Francisco Pereira da Silva e a Diocese do Crato disputam na Justiça um total de 746 mil metros quadrados de terra – conjunto que, segundo estimativas do setor imobiliário, vale em torno de 200 milhões de reais. As terras pertenciam ao padre Cícero e foram doadas, em testamento, a “Nossa Senhora do Perpétuo Socorro”. No livro Padre Cícero: Poder, Fé e Guerra no Sertão, o escritor Lira Neto explica que a fortuna do sacerdote foi construída a partir de doações de romeiros e, principalmente, de coronéis da região que, de olho em seu patrimônio político, presenteavam-no com terrenos, casas, prédios, cabeças de gado e móveis. Mais tarde Cícero faria do clero cratense o principal beneficiário de sua polpuda herança. “Cícero contava como líquido e certo que um gesto tão generoso resultasse na sua imediata reconciliação com a Igreja. Não foi o que aconteceu”, escreveu o biógrafo.

A casa onde vive Francisco Pereira da Silva, com a esposa e quatro filhos, foi construída num desses terrenos que pertenceram ao padre Cícero e possui 6 mil metros quadrados de área total. Dono de diversos prédios comerciais da região, Pereira da Silva tem especial orgulho do Autoshopping Padre Cícero, uma espécie de shopping center de automóveis. A inauguração do espaço foi comemorada com uma festa para a alta sociedade local. Maria Rodrigues, mulher do empresário, compareceu ao evento com seus cabelos loiros apanhados numa trança lateral e ombros à mostra. Assim como a esposa, Pereira da Silva cultiva a vaidade. Na hora de se vestir, costuma fazer escolhas que transitam entre o sofisticado e o casual. Uma de suas composições favoritas inclui jeans com lavagem clara, blazer e camisa social – sem gravata e com alguns botões desabotoados, de modo que um pouco da pelugem do peito possa ser contemplado. Com poucos cabelos no alto da cabeça, planeja fazer um implante. Um amigo cabeleireiro de São Paulo garantiu que poderia realizar o procedimento em apenas trinta minutos, por 10 mil reais.

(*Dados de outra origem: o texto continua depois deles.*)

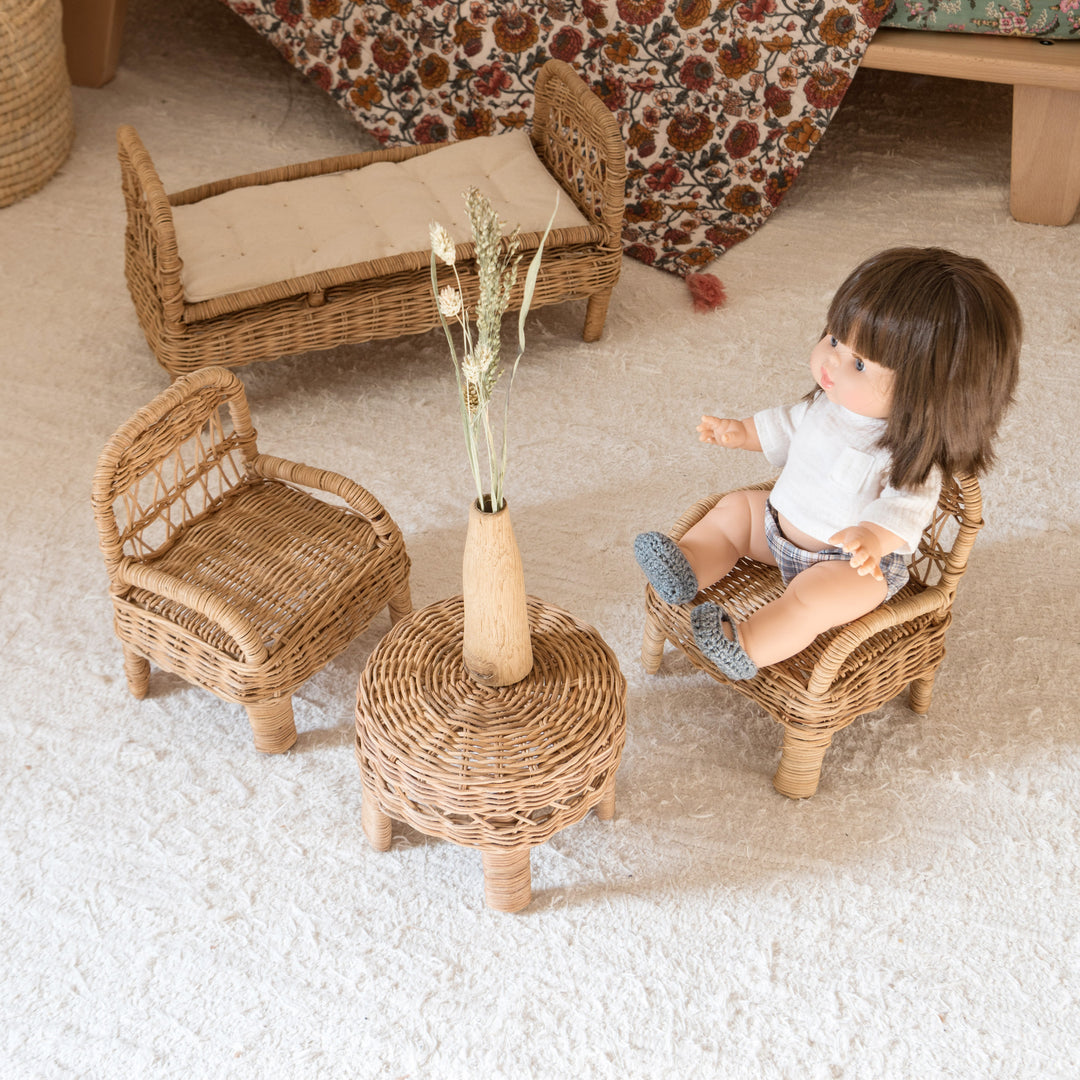 Table et chaises pour poupée en rotin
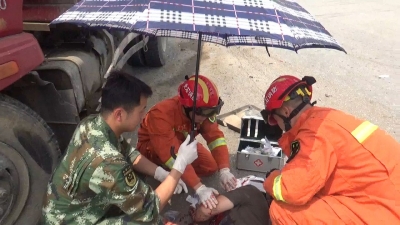 大货车与半挂车猛烈相撞，货车司机被困车内血流不止 消防官兵展开生死大营救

Aos 61 anos, Pereira da Silva não lembra, nem de longe, o jovem que, em 1992, retornou para o Ceará após uma temporada de dezessete anos trabalhando em padarias do bairro de São Mateus, na Zona Leste de São Paulo. Embora se defina como um homem “de pouco estudo”, considera-se “esclarecido”. Quando se encanta por uma palavra, usa-a à exaustão. “Desprovido” e “dúbio” estão entre as preferidas do momento. Filho de um zelador de igreja com uma dona de casa, cresceu assistindo às missas de padre Murilo Barreto – aquele em cuja casa Maria do Carmo Forti foi apresentada a dom Fernando Panico. “O bicho era bonito. Tinha voz afinada”, lembrou.

Francisco Pereira da Silva recomeçou a vida em Juazeiro vendendo cereais para os armazéns da região. Mas não gostava do serviço. Certo dia, um amigo corretor perguntou se ele não se interessava em comprar um terreno. Se tivesse paciência, em breve poderia revender o imóvel pelo dobro da quantia. Francisco adquiriu um pedaço de terra por 40 milhões de cruzeiros. Poucos meses depois, segundo relata, vendeu uma parcela ínfima da propriedade pelos mesmos 40 milhões. Gostou da brincadeira e passou a comprar outros imóveis. Começou a treinar o olhar para identificar oportunidades de negócios onde o cidadão comum veria apenas um terreno baldio. Em pouco tempo, já vendia loteamentos e construía casas. Na virada do século, era um homem rico.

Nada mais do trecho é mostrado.